Ignorance: The Growing Darkness in Which to Disappear

Reference: WSJ

Many news outlets are reporting how the "tectonic" changes in demographics are altering the electorate.

They are right but they draw the wrong conclusions - which is good news for John Galt (yes, I spelled it "gault" - but you'll see why below).

This means that the major is now the least educated, least able to fend for themselves, and least able to think for themselves ever.  Yes, I am sure many of the "older educated whites" especially, would have gone to college but I am quite certain they didn't pick up any of the critical thinking skills.

Now you might argue that this group is far more educated than your 1700's farmer in terms of schooling - and in a direct sense you'd be right.  But in the 1700's you were a survivalist - if you didn't plan well you died.  So though you might not understand the arithmetic elements of calculating a percentage you certainly knew when you had enough food for the winter and when not.

The "educated" created by today's colleges can perhaps with a calculator find a percentage but I am quite sure most have little clue what it means.

In the 1700's you had to farm, garden, hunt, and gather to eat.  You had to use a gun, a bow and arrows, and a knife.  You had to process animals for cooking.  You hand to plant recurring crops year-to-year.

Again, today's "educated" know nothing of these skills.

(Here's a good example of today's "thinking"... honestly, where do these ideas come from?)

They barely can identify them.

So someone living in an "off-the-grid" environment will be totally foreign to these people.  My guess is basically invisible.

Why?

First of all to farm, garden and hunt you must live outside of urban areas (sure urbanites have small "plot" gardens sometimes but its not the same as a real food production garden).
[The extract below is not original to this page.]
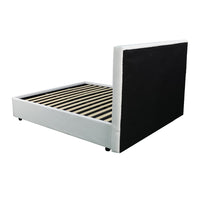 Letto singolo con contenitore Ascoli 102x210x124H ecopelle colore bianco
Unable to clearly identify growing crops, farm structures or activities, and having not been taught about any of this the exurban areas will simply look like foreign lands.

And since a trip there will be outside comfortable surroundings, i.e., out of town, there will be even less impetus to go there.

Gender and women's studies skills don't teach you how to put food on the table.

This lack of education skills mean that their "planning horizon" will be very narrow.  Since most are told what to think they will simply "not see" what they are not told about.

A look at any modern US by-county election map, such as this one from (which flips from 2000 which is less blue to 2004 which is more blue)


shows that relative to the area of the country and relative to the areas of rural resources there is a vast area of the country that's completely outside the perception of these folks, i.e., red.

And often in a blue area the concentration within even a county of "blue" is small.

So you can count this map as showing the growing expanse of ignorance to some degree as well.

The bottom line here is that the growing ignorant expect to see "red" in a particular way: well dressed, expensive cars without Obama bumper stickers, fancy houses, big office buildings.  They don't possess the ability to see past these things because they have not been taught to.

And given that the John Galt's of the world are not large in number there is little need for the liberal press to bother with them.

Now as the growing areas of ignorance expand it also leaves them ever more dependent on the red areas for resources: food, coal, oil, gas and water all come from red areas, i.e., the blue areas produce nothing but consumption and the red areas the things consumed.